> _WORKING DATA_
_ _ _ _ _ _ _

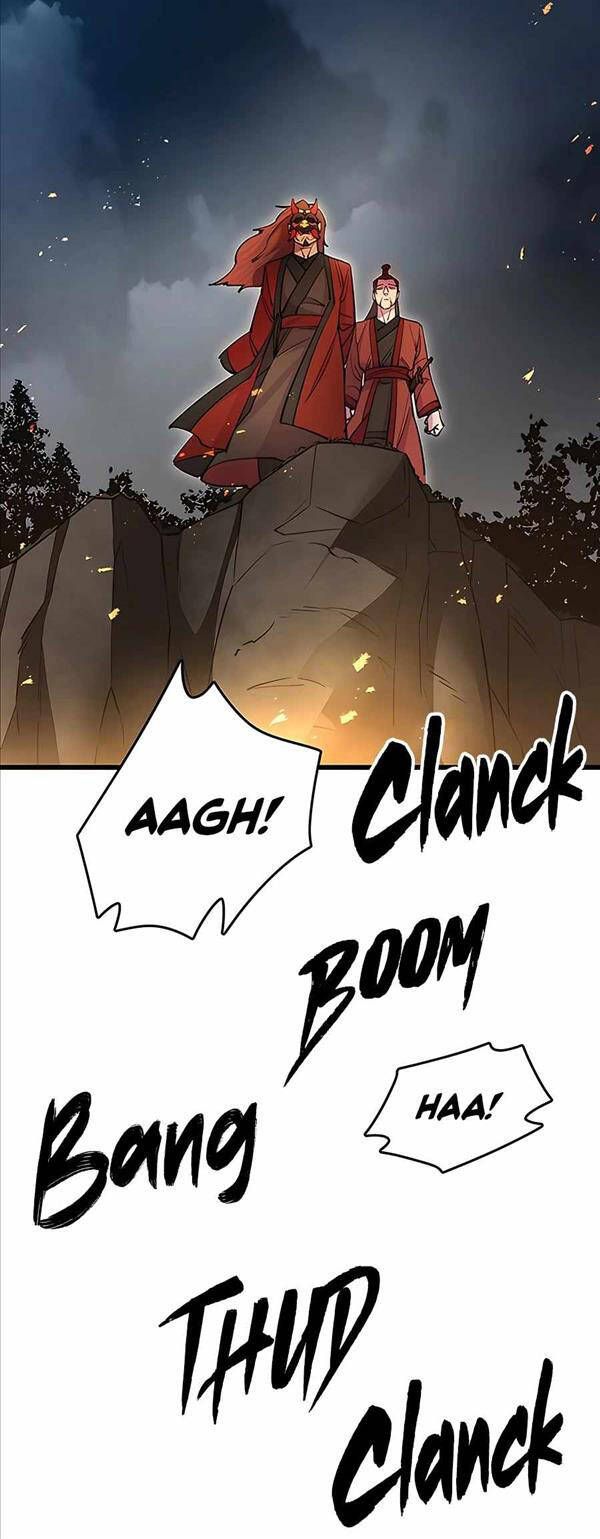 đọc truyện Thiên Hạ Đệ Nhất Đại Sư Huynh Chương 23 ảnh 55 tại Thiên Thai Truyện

_ _ _ _ _ _ _

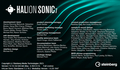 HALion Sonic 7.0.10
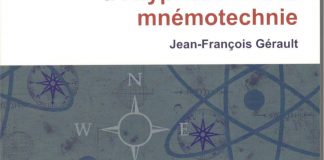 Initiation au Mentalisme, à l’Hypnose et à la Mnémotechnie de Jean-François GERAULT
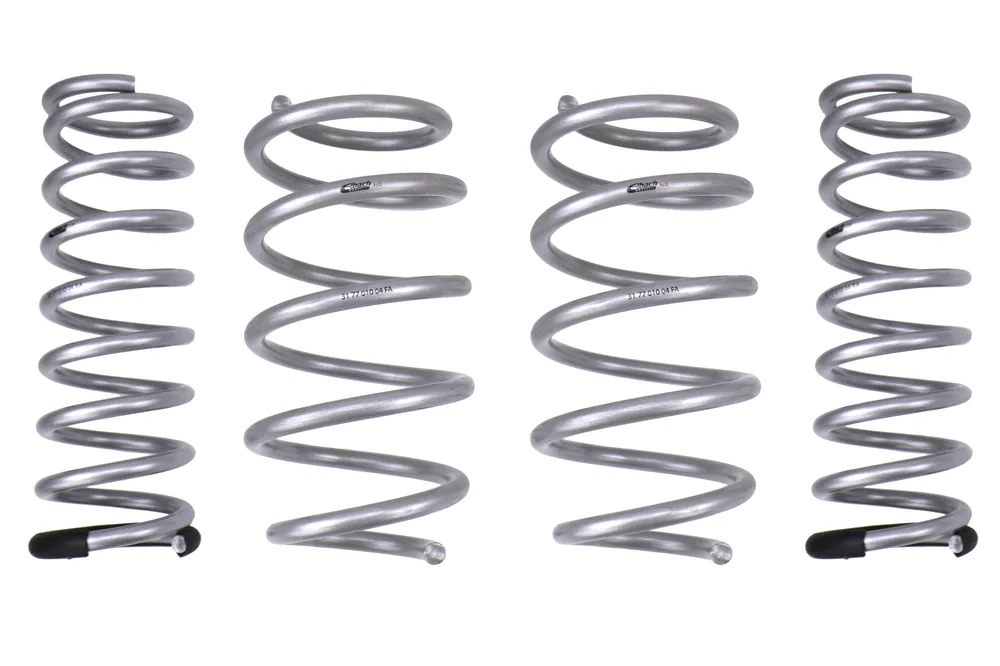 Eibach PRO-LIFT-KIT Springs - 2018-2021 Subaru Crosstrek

_ _ _ _ _ _ _

> _TASK REQUIREMENTS_
Lines wanted from the entries above: the one with "HALion Sonic 7.0.10", the one with "Eibach PRO-LIFT-KIT Springs", and all lines between. Please copy them exactly, without the pictures and without anything else.

> _FINAL ANSWER_
 HALion Sonic 7.0.10
 Initiation au Mentalisme, à l’Hypnose et à la Mnémotechnie de Jean-François GERAULT
 Eibach PRO-LIFT-KIT Springs - 2018-2021 Subaru Crosstrek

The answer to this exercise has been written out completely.